■ **Your objective**
Output the listing below exactly, minus its images.

■ **Recorded information**
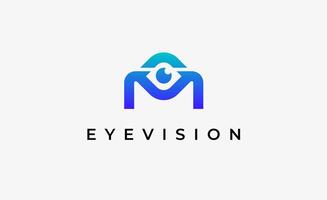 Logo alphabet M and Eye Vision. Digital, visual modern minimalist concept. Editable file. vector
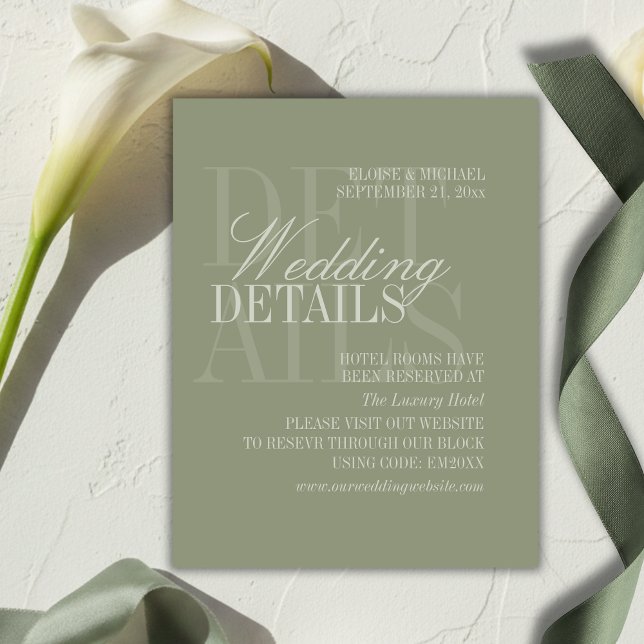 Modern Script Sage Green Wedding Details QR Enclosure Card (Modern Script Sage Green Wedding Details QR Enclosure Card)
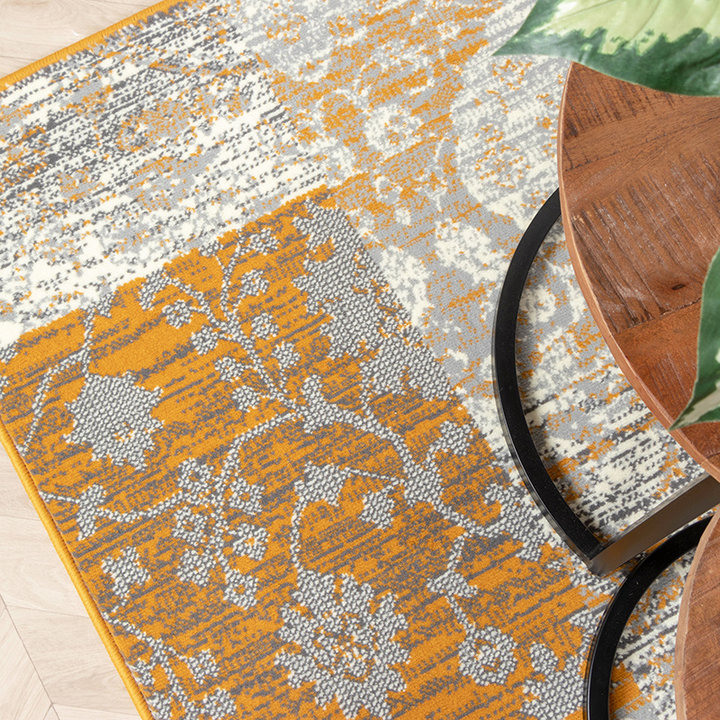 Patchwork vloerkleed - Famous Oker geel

■ **Solution for this task**
 Logo alphabet M and Eye Vision. Digital, visual modern minimalist concept. Editable file. vector
 Modern Script Sage Green Wedding Details QR Enclosure Card (Modern Script Sage Green Wedding Details QR Enclosure Card)
 Patchwork vloerkleed - Famous Oker geel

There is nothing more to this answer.